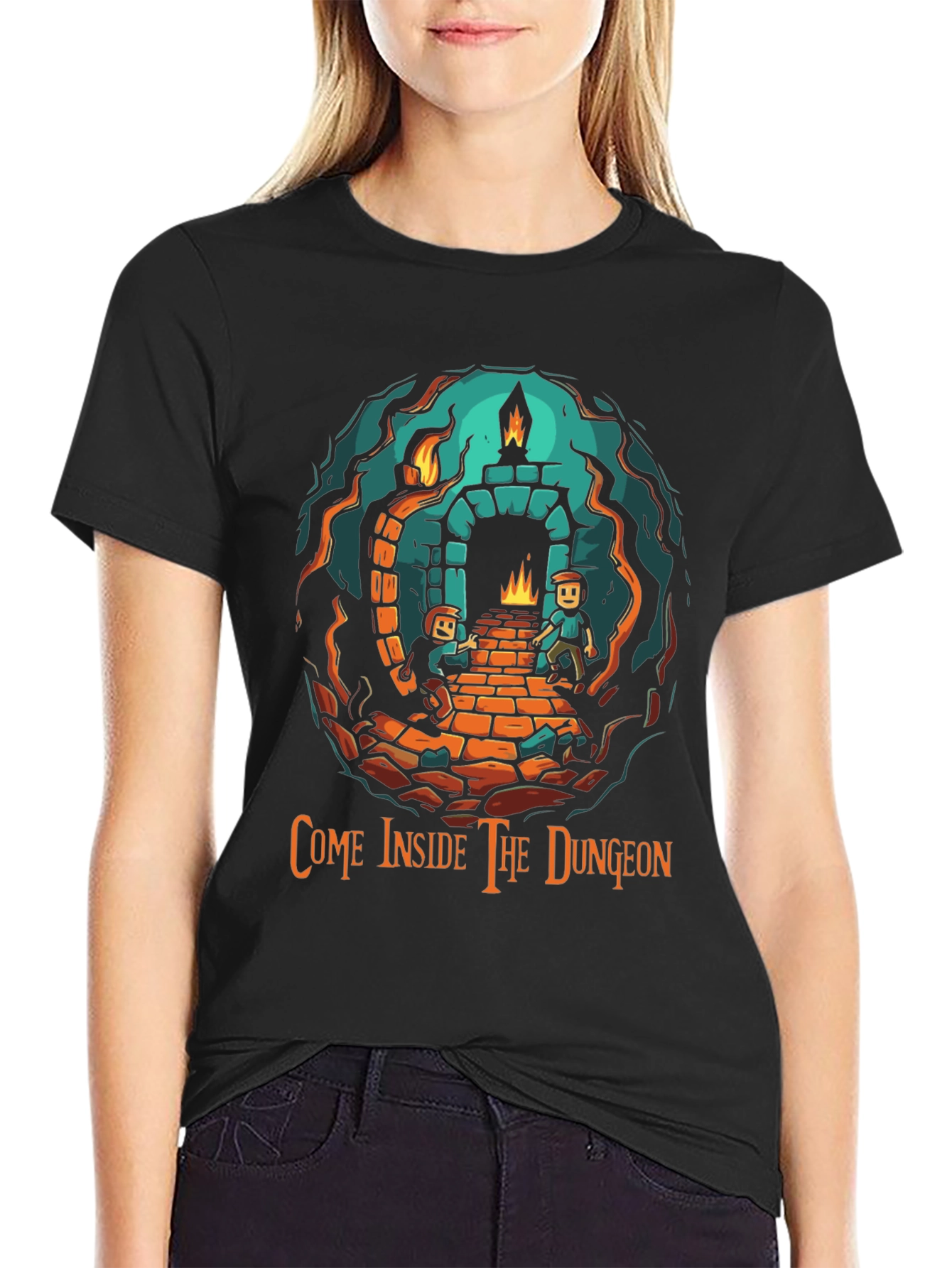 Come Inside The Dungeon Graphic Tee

══════════

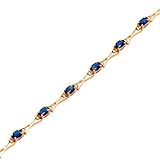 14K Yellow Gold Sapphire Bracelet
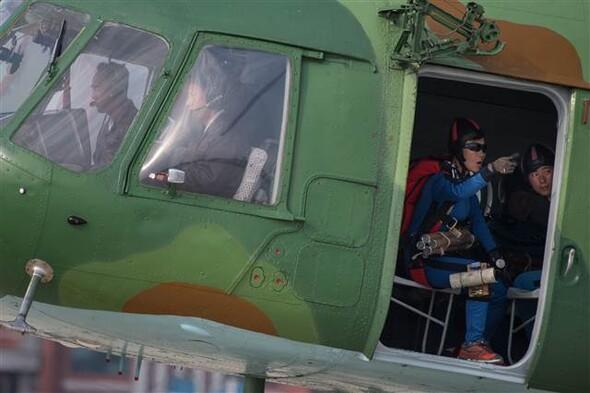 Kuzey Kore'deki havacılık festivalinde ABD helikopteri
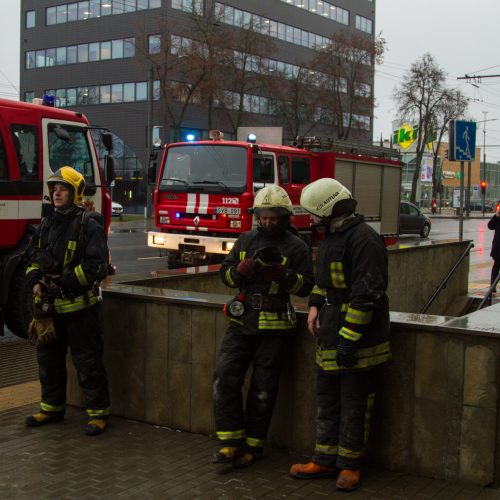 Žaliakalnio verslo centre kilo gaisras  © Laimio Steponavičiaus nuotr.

══════════

» **Required action**:
Find the line with "14K Yellow Gold Sapphire Bracelet" and the line with "Žaliakalnio verslo centre" in the records above. Copy both and all lines between them exactly, without pictures.

» **Task output**:
 14K Yellow Gold Sapphire Bracelet
 Kuzey Kore'deki havacılık festivalinde ABD helikopteri
 Žaliakalnio verslo centre kilo gaisras  © Laimio Steponavičiaus nuotr.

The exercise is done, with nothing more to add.